None of the current TD — Thomas Quaeschning, Ulrich Schnauss and Hoshiko Yamane — had even been born when Phaedra was released in 1974, but this is the modern Tangerine Dream, who were given Edgar Froese’s blessing to continue shortly before he died in 2015. On Sessions IV, they’ve taken some deep dives into the TD back catalogue, which has helped keep the band’s name in front of a new generation.
There are three pieces of music covering the four discs. Recorded in Pisa, ‘Four Degrees Parallax, pts 1-2’ takes up both sides of the first disc. They ask an awful lot of their audience as this is a piece which runs to over 35 minutes, while ‘Gothenburg 2018’ and the curiously named ‘Persepsjontransformasjon’ only take up one whole side each.
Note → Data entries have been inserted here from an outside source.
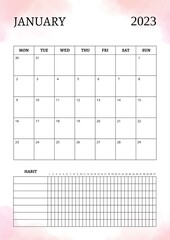 Monthly Planner templates January 2023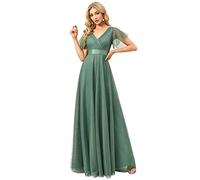 Ever-Pretty Vestito da Festa Donna Linea ad a Tulle Abito da Sera Scollo V Lungo Cerimonia Fagiolo Verde 42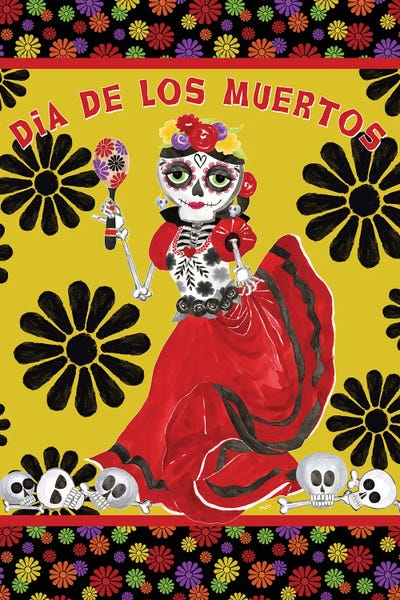 Mexican Culture: Day Of The Dead Portrait III - Dancing Woman by Tara Reed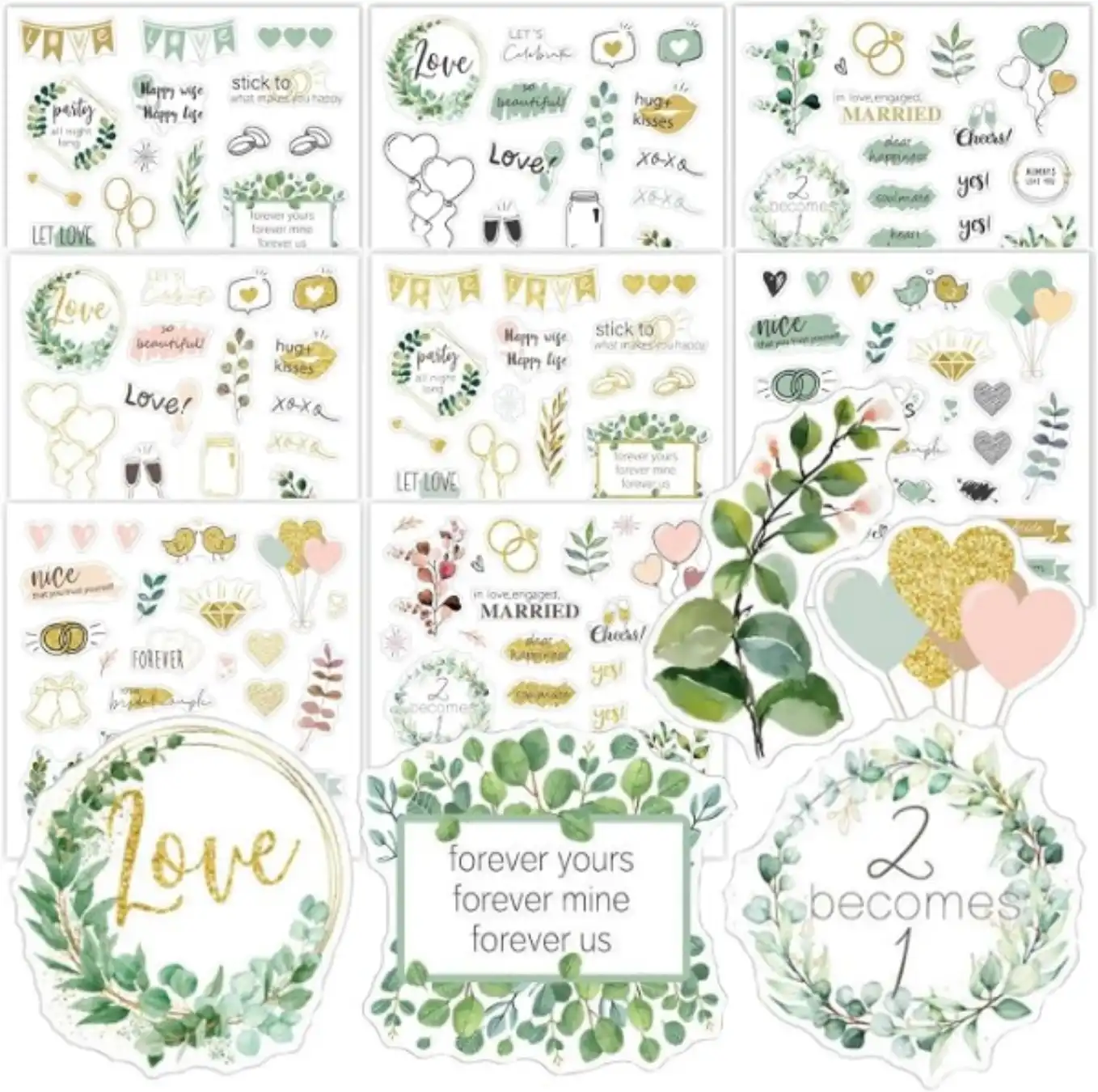 UEHENUE Gold Green Wedding Stickers for Scrapbooking 8 Sheets 200 Pcs Waterproof Self Adhesive Bridal Scrapbook Supplies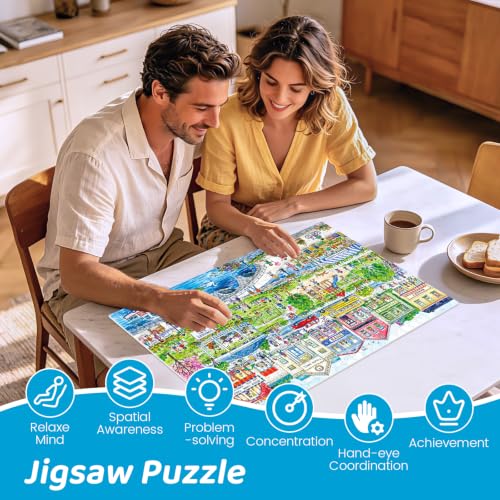 500 Piece Puzzles for Adults,Small Town Jigsaw Puzzle 500 Pieces - color: Small Town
If you’re familiar with Tangerine Dream, you’ll know exactly what to expect: wave after wave, and layer upon layer of soaring and descending synths, sequencers and mellotrons, all weaving sound patterns, producing an aural melange of electronic soundwaves with pulsating beats and flickering tweets adding an extra sonic dimension to their sound. Occasionally there’s a melancholic feel as the sound changes, before the use of violin and even a piano varies the mood, but it’s all performed with a degree of subtlety, with sounds not being overloaded. That they can do all this while still retaining the listener’s attention is their real skill, as the applause at the end indicates.
Tangerine Dream are a gift to the imagination with their ability to create the kinds of sounds which enable the listener to travel inside their own mind. The current line-up has taken Edgar Froese’s vision and run with it, so far quite successfully.